The combined company will be controlled by T-Mobile management: CEO John Legere will continue that role in the new entity, as will T-Mobile chief operating officer Mike Sievert. T-Mobile parent Deutsche Telekom will own 42% of the combined company, with Sprint parent Softbank owning 27% and the remaining 31% held by the public. The deal is expected to close in the first half of next year.
This is the two companies’ third time on the merger dance floor together. They scrapped talks in 2014 over regulatory concerns and in 2017 over control issues. While the two have managed to work out their control issues, some analysts are skeptical that the current deal will sail easily through the regulatory process.
BTIG telecom analyst Walt Piecyk gave the merger a less than 40% chance of passing regulatory muster, primarily because he didn’t believe the deal, which will reduce the number of wireless competitors to three from four, will pass the antitrust smell test.

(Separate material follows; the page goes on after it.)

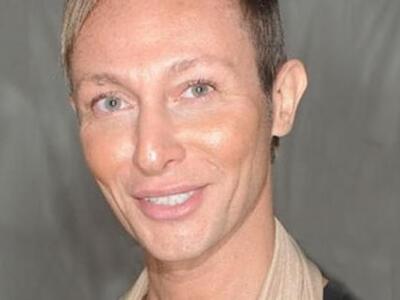 Βασίλειος Κωστέτσος: Με ποιο τοπ μόντελ ...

“It doesn’t look like a competitive market right now, and that’s what the regulator may focus on,” Piecyk told CNBC.
Columbia Law professor Tim Wu wrote an op-ed piece for The New York Times urging regulators to block the deal, adding that having four separate competitors has been most beneficial to wireless customers, leading to free unlimited data plans and lower prices. Transforming the wireless business into a “triopoly” like the airline business will only serve to raise prices and lower service.
“Competition has actually worked the way economists say it is supposed to, forcing firms to improve quality or face elimination,” Wu wrote in the Times. “But it takes competitors to compete, which is where blocking mergers comes in.”

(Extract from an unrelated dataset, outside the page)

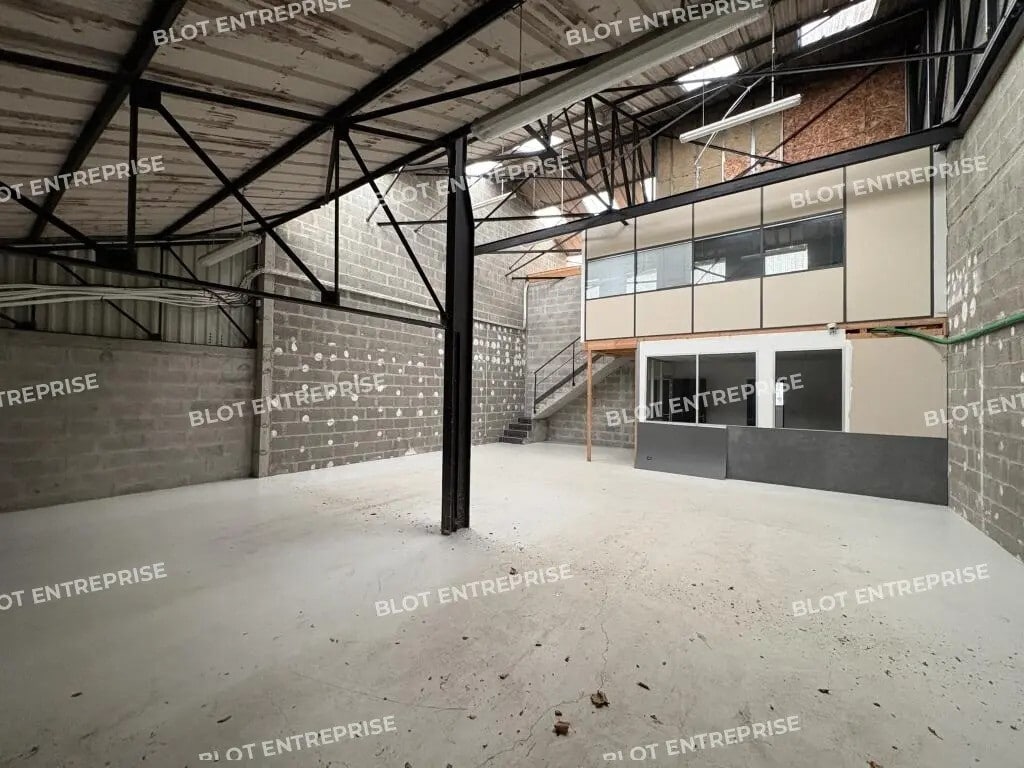 Location Bureaux 260 m² - Photo 1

Pivotal Research Group CEO and senior media & communications analyst Jeff Wlodarczak has said in research notes over the past year that pairing Dish and T-Mobile would “immediately vault the most disruptive U.S. wireless player into the leading U.S. spectrum position,” and at worst would force rival wireless company Verizon Communications to pay more for the satellite asset.
For now, though, it looks like Dish will remain on its own.
Other scenarios see the satellite company being acquired either by another wireless service provider, like Verizon, or even by the new T-Mobile. The latter scenario wouldn’t take place for at least another year.
Dish has struggled over the past several quarters as the satellite business has dwindled. In the fourth quarter the company lost more than 100,000 satellite-TV subscribers and added 160,000 Sling TV customers.
Dish Misses Out on Buildout Relief
For Dish, a purchase by a wireless carrier would mean relief from its obligation to build its own wireless network. As a result of its success in bidding on spectrum in several of the government’s wireless auctions, Dish faces a March 2020 deadline to build out wireless service in 70% of the market territories it won.
Dish chair Charlie Ergen has said the company will spend about $1 billion on that initial phase, which will be more geared toward IoT services.
For T-Mobile, a Dish purchase would give it an instant video base through the satellite-TV offering, programming contracts with cable networks and the largest OTT service in the country, Sling TV.
But not all analysts believe that a T-Mobile-Dish deal is more palpable. In a research note in November, after T-Mobile and Sprint ended merger talks, MoffettNathanson principal and senior analyst Craig Moffett wrote that he never saw any synergies in combining those companies, other than as a source of additional spectrum.
The argument that the dissolution of the merger was bad news for Dish is equally compelling in that, if Dish does build its wireless network, it would become the fifth player in an already-crowded market, he added.
“However bad one might have imagined the ROI on network building, it has to be worse if the industry is more fragmented than expected,” Moffett wrote in November.
Pictured: T-Mobile CEO John Legere (l.) and Sprint CEO Marcelo Claure on the floor of the New York Stock Exchange after the wireless carriers agreed to merge.